Excerpts from a dataset:
%%
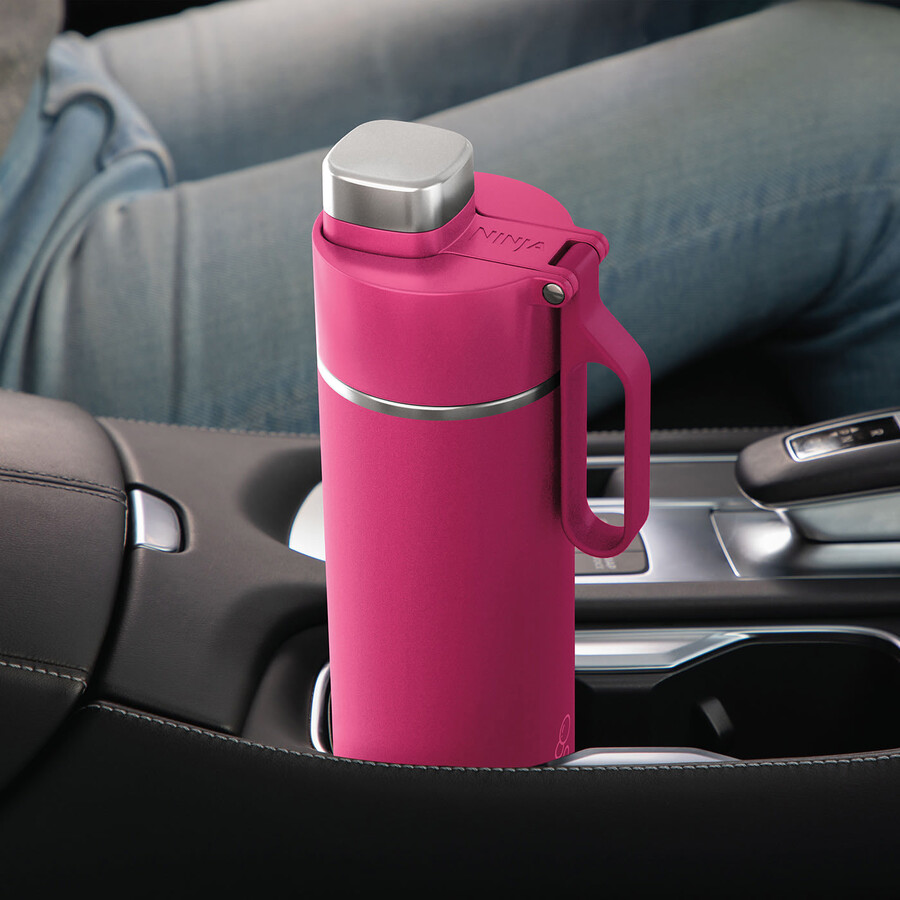 butelka podróżna ninja thirsti 530 ml – hot pink dw1801euukbp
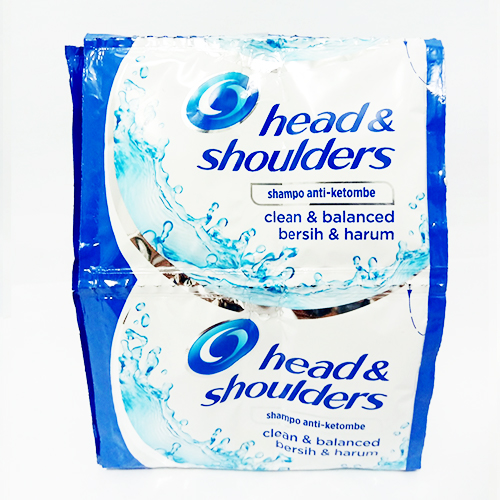 Head & Soulders Shampo Clean & Balanced Scht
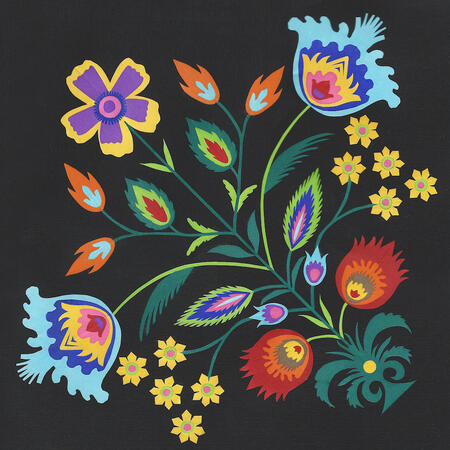 Wycinanki #1 (2014) - papercraft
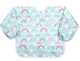 Sleeved Bib- Rainbow
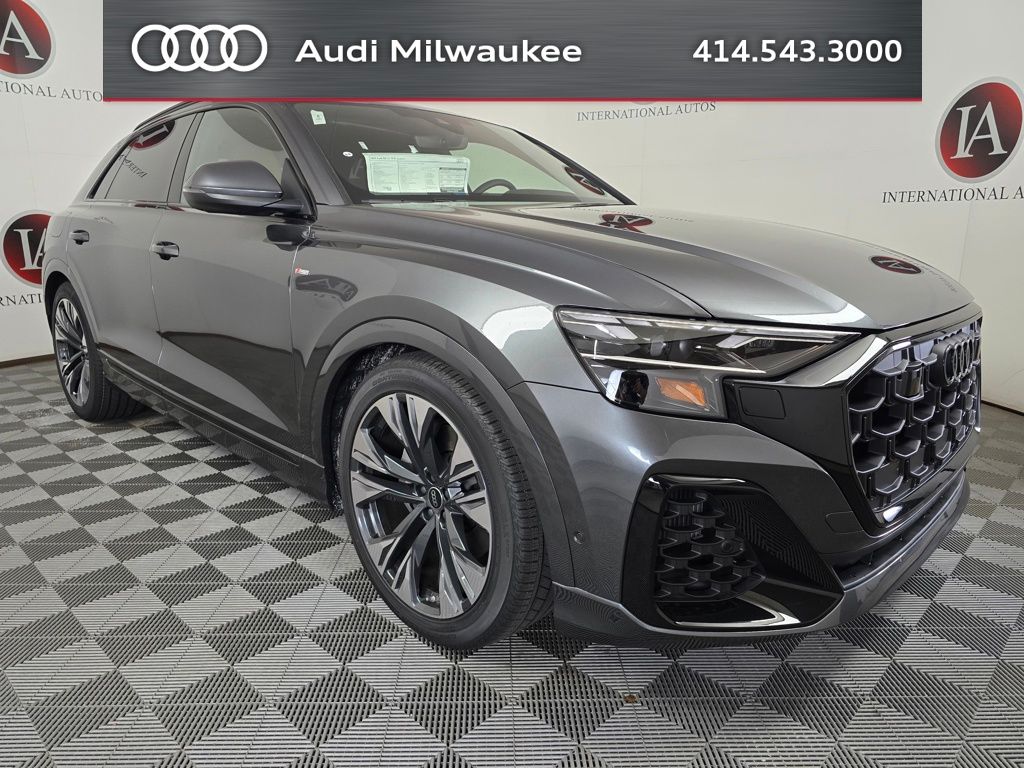 Daytona Gray Pearl Effect 2026 Audi Q8 SUV / Crossover All-Wheel Drive 8-Speed Automatic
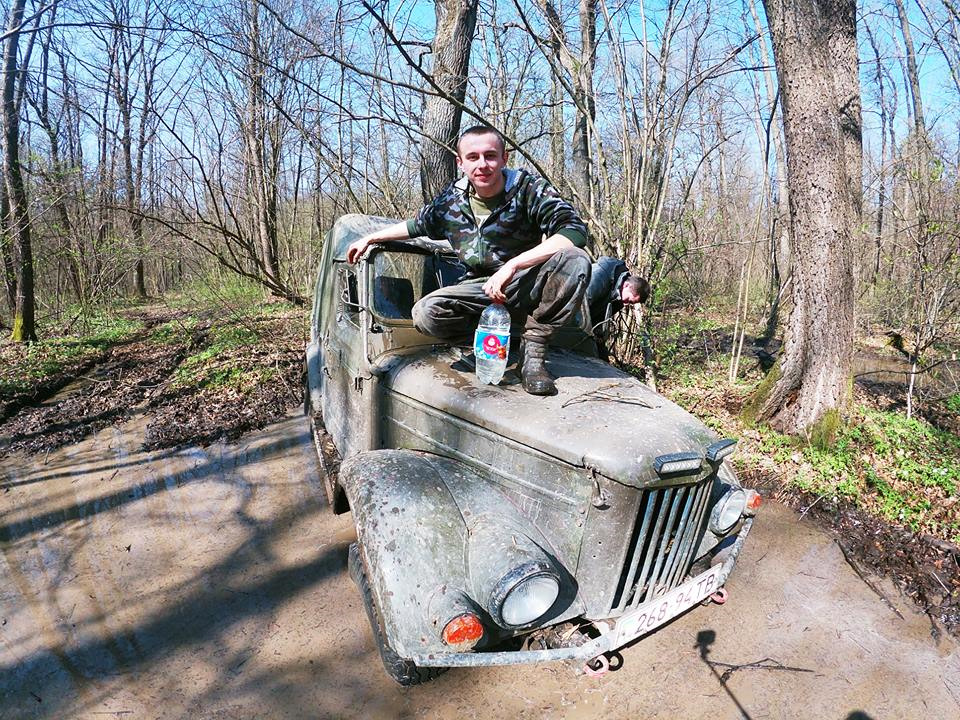 Весняна міні покотушка ... аля прощай диван, дайош активні вихідні ... 1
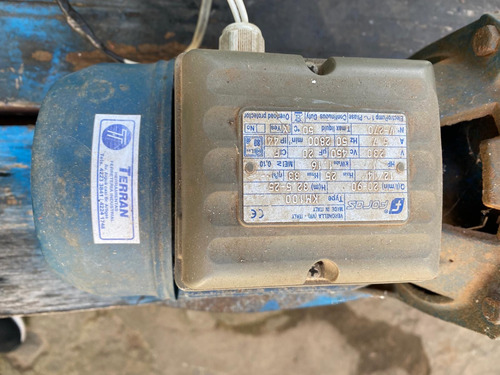 Bomba De Agua Maden In Italy (Usado)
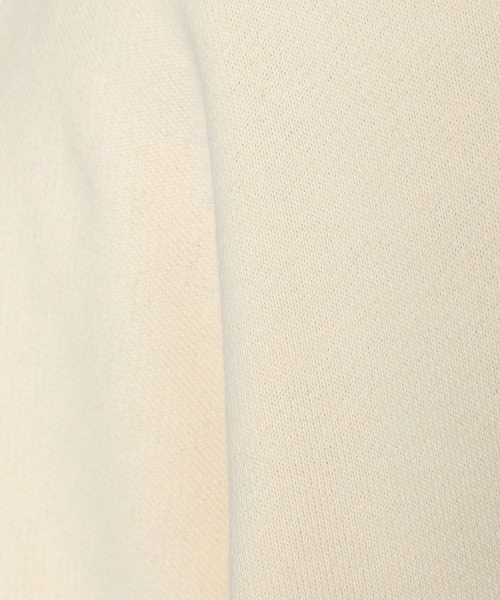 F i.n.t（フィント）の「70’sフラワーロゴ発泡プリントスウェット/fint　フィント（スウェット・レディース・アイボリー/モーブ系/ライトブルー・FREE）」の16枚目の写真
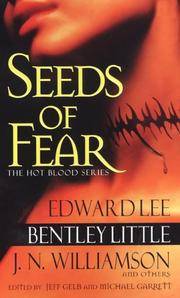 Seeds Of Fear (Hot Blood) by Jeff Gelb; Michael Garrett - Paperback - 2005-04-05 - from Ergodebooks (SKU: SONG0786016477)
%%
▶ [DIRECTIONS FOR THIS TASK]
No pictures belong in the output. Restate word for word only the lines from the one containing "Bomba De Agua Maden In Italy (Usado)" to the end of the entries above.

▶ [REPLY]
 Bomba De Agua Maden In Italy (Usado)
 F i.n.t（フィント）の「70’sフラワーロゴ発泡プリントスウェット/fint　フィント（スウェット・レディース・アイボリー/モーブ系/ライトブルー・FREE）」の16枚目の写真
 Seeds Of Fear (Hot Blood) by Jeff Gelb; Michael Garrett - Paperback - 2005-04-05 - from Ergodebooks (SKU: SONG0786016477)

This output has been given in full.